Investigation of Interleukin-10 Promoter Polymorphisms and Interleukin-10 Levels in Children with Irritable Bowel Syndrome.
- Author:
Man Chin HUA
1
;
Hsun Chin CHAO
;
Tsung Chieh YAO
;
Ming Wei LAI
;
Jing Long HUANG
Author Information
1. Department of Pediatrics, Chang Gung Memorial Hospital, Keelung, Taiwan.

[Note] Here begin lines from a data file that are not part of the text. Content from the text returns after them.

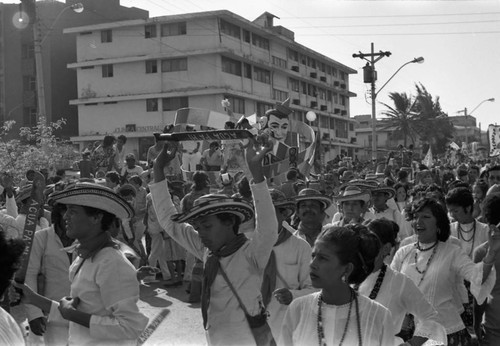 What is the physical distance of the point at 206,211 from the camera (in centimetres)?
379

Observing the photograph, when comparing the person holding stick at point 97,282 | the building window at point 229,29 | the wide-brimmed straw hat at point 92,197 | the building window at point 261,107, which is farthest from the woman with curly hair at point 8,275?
the building window at point 261,107

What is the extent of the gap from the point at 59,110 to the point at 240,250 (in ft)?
153

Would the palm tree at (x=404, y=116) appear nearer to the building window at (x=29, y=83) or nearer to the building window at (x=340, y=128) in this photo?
the building window at (x=340, y=128)

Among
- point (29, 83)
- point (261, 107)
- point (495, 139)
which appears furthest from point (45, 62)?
point (495, 139)

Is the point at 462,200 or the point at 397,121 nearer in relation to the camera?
the point at 462,200

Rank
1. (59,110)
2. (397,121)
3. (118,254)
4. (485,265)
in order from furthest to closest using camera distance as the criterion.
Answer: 1. (397,121)
2. (59,110)
3. (485,265)
4. (118,254)

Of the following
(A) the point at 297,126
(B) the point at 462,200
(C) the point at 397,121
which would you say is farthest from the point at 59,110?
(B) the point at 462,200

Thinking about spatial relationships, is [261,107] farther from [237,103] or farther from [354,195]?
[354,195]

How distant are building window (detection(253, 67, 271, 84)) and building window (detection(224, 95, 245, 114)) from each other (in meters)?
3.26

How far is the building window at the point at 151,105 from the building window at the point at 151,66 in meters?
2.09

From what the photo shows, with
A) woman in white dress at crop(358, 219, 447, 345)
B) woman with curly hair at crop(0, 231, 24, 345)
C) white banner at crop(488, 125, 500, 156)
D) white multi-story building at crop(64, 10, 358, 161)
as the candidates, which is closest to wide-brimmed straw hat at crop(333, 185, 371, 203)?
woman in white dress at crop(358, 219, 447, 345)

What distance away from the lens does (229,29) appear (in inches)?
1660

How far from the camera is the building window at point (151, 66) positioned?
139ft

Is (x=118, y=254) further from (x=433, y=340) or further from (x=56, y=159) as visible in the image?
(x=56, y=159) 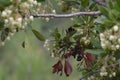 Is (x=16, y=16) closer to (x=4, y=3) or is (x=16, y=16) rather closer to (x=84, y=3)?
(x=4, y=3)

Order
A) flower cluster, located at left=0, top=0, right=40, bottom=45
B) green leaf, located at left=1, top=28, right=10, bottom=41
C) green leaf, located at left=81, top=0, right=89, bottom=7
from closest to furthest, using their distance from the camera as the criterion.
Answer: flower cluster, located at left=0, top=0, right=40, bottom=45 → green leaf, located at left=1, top=28, right=10, bottom=41 → green leaf, located at left=81, top=0, right=89, bottom=7

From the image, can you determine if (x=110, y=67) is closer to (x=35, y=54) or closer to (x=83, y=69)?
(x=83, y=69)

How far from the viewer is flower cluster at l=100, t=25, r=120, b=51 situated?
168cm

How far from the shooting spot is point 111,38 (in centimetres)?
168

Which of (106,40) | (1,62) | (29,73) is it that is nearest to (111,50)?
(106,40)

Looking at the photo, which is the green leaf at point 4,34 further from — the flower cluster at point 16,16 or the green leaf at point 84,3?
the green leaf at point 84,3

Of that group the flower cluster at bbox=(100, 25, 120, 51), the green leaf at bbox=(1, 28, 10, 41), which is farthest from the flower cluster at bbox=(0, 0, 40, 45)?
the flower cluster at bbox=(100, 25, 120, 51)

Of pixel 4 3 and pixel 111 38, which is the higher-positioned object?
pixel 4 3

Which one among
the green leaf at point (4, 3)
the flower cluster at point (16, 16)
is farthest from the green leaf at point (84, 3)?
the green leaf at point (4, 3)

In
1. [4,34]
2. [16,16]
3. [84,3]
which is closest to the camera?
[16,16]

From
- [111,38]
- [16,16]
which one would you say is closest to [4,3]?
[16,16]

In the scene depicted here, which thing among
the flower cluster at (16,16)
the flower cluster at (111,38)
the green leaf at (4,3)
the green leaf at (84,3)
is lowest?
the flower cluster at (111,38)

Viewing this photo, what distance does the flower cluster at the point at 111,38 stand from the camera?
5.51 ft

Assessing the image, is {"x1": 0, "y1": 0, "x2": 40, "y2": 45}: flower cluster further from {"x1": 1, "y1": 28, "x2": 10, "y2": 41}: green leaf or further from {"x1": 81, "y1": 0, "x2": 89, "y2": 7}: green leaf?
{"x1": 81, "y1": 0, "x2": 89, "y2": 7}: green leaf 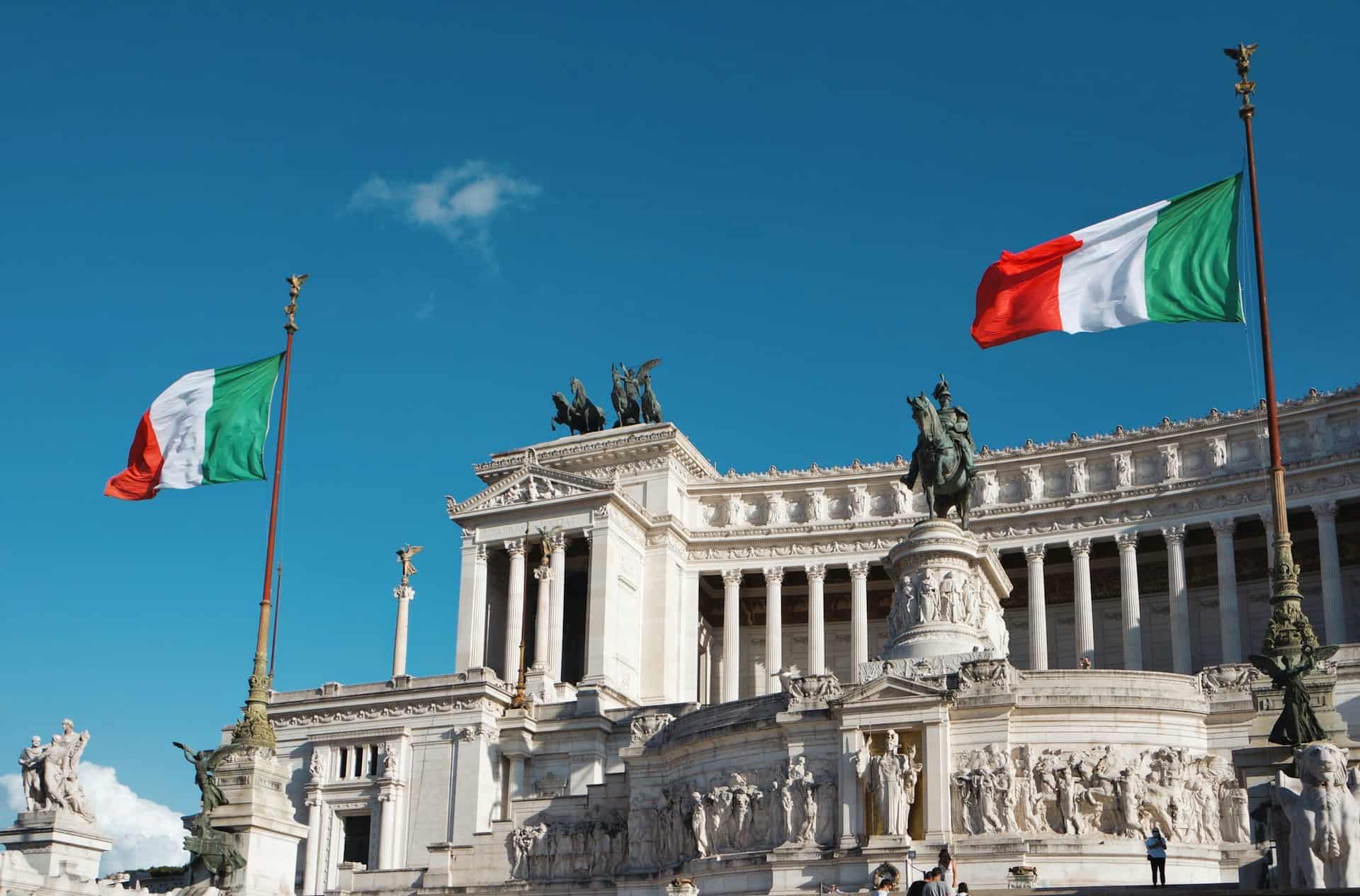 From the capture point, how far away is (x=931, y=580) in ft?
157

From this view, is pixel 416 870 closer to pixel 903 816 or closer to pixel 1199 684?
pixel 903 816

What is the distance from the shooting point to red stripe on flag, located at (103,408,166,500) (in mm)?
43375

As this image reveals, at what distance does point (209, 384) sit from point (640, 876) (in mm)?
18966

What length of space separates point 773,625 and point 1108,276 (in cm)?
4604

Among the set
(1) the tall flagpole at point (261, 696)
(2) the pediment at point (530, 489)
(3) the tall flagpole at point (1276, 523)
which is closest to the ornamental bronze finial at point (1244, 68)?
(3) the tall flagpole at point (1276, 523)

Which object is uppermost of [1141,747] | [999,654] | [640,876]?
[999,654]

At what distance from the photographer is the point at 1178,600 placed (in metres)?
74.1

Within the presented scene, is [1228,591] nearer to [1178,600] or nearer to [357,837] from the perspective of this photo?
[1178,600]

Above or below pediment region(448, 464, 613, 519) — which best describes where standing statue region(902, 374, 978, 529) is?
below

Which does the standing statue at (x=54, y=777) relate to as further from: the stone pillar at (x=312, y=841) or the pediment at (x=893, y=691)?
the stone pillar at (x=312, y=841)

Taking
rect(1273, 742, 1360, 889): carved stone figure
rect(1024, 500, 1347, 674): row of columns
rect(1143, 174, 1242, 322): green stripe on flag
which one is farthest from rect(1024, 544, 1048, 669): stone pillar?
rect(1273, 742, 1360, 889): carved stone figure

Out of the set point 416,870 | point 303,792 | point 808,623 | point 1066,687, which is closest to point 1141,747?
point 1066,687

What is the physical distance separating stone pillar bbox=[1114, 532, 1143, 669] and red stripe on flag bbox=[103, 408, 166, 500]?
4733cm

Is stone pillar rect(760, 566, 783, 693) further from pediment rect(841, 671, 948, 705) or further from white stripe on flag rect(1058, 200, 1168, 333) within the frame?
white stripe on flag rect(1058, 200, 1168, 333) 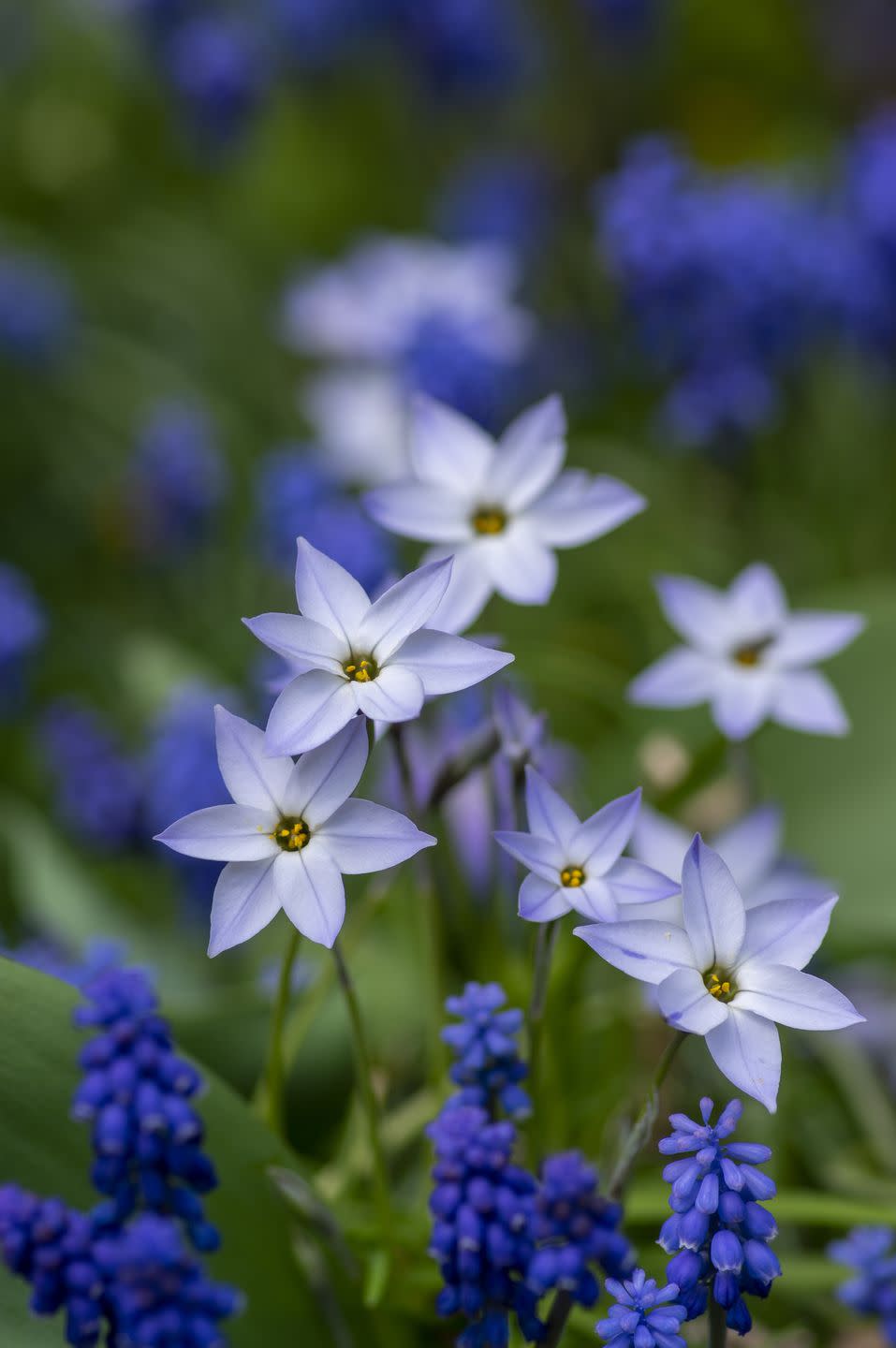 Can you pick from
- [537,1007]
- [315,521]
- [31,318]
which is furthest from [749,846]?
[31,318]

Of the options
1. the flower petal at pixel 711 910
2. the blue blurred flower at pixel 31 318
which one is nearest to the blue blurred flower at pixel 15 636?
the blue blurred flower at pixel 31 318

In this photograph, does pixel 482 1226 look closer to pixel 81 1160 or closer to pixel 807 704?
pixel 81 1160

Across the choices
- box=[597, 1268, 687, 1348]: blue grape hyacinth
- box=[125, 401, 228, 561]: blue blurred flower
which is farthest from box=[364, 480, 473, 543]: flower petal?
box=[125, 401, 228, 561]: blue blurred flower

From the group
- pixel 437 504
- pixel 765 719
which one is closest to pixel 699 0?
pixel 765 719

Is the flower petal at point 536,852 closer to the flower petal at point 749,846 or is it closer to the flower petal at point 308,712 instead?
the flower petal at point 308,712

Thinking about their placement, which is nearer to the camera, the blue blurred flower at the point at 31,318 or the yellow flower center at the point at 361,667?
the yellow flower center at the point at 361,667

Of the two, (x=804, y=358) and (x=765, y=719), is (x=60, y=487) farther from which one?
(x=765, y=719) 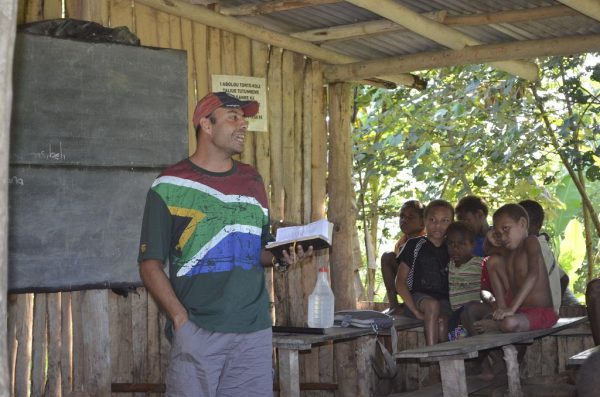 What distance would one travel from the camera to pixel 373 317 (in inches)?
295

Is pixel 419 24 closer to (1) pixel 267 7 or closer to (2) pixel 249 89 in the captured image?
(1) pixel 267 7

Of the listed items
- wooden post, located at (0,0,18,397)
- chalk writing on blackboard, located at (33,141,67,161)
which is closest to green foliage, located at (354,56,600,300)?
chalk writing on blackboard, located at (33,141,67,161)

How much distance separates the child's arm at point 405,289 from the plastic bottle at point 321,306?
0.96 m

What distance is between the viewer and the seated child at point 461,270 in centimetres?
790

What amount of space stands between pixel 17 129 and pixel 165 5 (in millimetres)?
1490

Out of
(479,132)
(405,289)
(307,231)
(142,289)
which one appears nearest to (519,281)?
(405,289)

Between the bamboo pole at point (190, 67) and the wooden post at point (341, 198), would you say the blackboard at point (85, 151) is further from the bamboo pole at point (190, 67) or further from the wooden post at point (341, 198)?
the wooden post at point (341, 198)

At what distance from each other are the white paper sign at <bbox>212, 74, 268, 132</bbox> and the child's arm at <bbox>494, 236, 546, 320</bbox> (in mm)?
2268

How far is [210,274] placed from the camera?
470 cm

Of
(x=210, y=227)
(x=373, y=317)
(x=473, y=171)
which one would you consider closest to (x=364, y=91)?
(x=473, y=171)

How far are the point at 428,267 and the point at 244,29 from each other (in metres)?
2.46

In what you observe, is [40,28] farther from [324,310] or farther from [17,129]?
[324,310]

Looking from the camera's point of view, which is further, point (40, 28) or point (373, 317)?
point (373, 317)

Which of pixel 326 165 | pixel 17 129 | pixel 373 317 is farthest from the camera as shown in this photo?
pixel 326 165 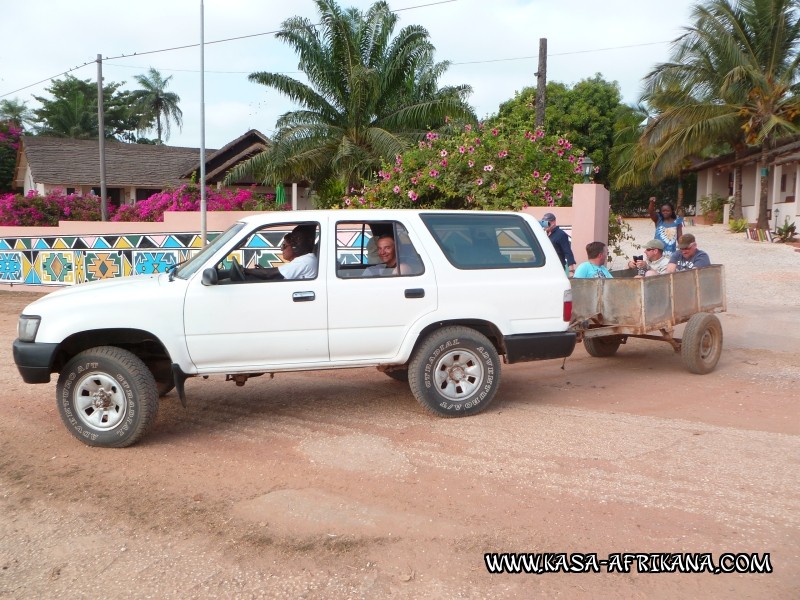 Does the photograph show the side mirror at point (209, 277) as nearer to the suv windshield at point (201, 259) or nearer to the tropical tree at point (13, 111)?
the suv windshield at point (201, 259)

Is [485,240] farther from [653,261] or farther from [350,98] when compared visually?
[350,98]

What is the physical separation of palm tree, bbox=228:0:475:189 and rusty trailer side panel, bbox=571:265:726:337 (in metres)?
14.6

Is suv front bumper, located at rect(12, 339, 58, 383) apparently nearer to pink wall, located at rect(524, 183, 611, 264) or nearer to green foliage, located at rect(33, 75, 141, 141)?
pink wall, located at rect(524, 183, 611, 264)

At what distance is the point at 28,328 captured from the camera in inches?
241

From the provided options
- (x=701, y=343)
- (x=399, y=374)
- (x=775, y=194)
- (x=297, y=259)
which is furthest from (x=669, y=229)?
(x=775, y=194)

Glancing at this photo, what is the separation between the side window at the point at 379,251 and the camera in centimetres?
692

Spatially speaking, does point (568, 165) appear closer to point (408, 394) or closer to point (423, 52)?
point (408, 394)

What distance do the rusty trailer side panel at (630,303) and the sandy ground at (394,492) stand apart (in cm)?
69

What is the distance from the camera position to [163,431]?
673cm

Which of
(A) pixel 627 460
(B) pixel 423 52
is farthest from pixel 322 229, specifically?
(B) pixel 423 52

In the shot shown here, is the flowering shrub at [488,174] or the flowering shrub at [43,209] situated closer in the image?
the flowering shrub at [488,174]

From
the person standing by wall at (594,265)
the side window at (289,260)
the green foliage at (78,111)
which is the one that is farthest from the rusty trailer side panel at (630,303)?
the green foliage at (78,111)

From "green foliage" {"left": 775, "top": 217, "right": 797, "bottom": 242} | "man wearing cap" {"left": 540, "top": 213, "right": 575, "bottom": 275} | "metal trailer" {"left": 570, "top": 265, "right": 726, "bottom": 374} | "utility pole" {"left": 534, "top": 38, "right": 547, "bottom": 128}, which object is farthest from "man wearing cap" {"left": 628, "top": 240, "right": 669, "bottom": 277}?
"green foliage" {"left": 775, "top": 217, "right": 797, "bottom": 242}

- Publication Type:Original Article
- Keywords:
Irritable bowel syndrome;
Child;
Interleukin-10;
Interleukin-10 gene polymorphisms
- MeSH:
Alleles;
Child;
DNA;
Escherichia coli;
Genetic Variation;
Genotype;
Haplotypes;
Humans;
Interleukin-10;
Interleukins;
Irritable Bowel Syndrome
- From:Gut and Liver
2013;7(4):430-436
- CountryRepublic of Korea
- Language:English
-
Abstract:
BACKGROUND/AIMS: The aim of this study was to investigate whether genetic variations at positions -1082, -819, and -592 in the interleukin (IL)-10 promoter affect IL-10 production in children with irritable bowel syndrome (IBS). METHODS: Ninety-four children with IBS and 102 children as healthy controls (HCs) were enrolled. Genomic DNA was extracted, and IL-10 -1082, -819, and -592 polymorphisms were detected by direct sequencing from all participants. Peripheral blood mononuclear cells (PBMCs) from 46 IBS children and 38 HCs were isolated and cultured with and without 5 ng/mL Escherichia coli lipopolysaccharide (LPS). IL-10 levels in the culture supernatants were measured by enzyme-linked immunosorbent assay. RESULTS: There were no significant differences in the distribution of IL-10 -1082, -819, and -592 polymorphisms or in the allele and haplotype frequencies between IBS children and HCs. PBMCs from children with IBS had significantly lower IL-10 levels after LPS stimulation than PBMCs from HCs (p=0.011); however, LPS-induced IL-10 levels in PBMCs with different genotypes of -819 and -592 polymorphisms were not significantly different between IBS patients and HCs. CONCLUSIONS: Although significantly lower LPS-induced IL-10 production by PBMCs was noted, it is unlikely that IL-10 production was fully genetically determined in our IBS children. ClinicalTrials.gov identifier: NCT01131442.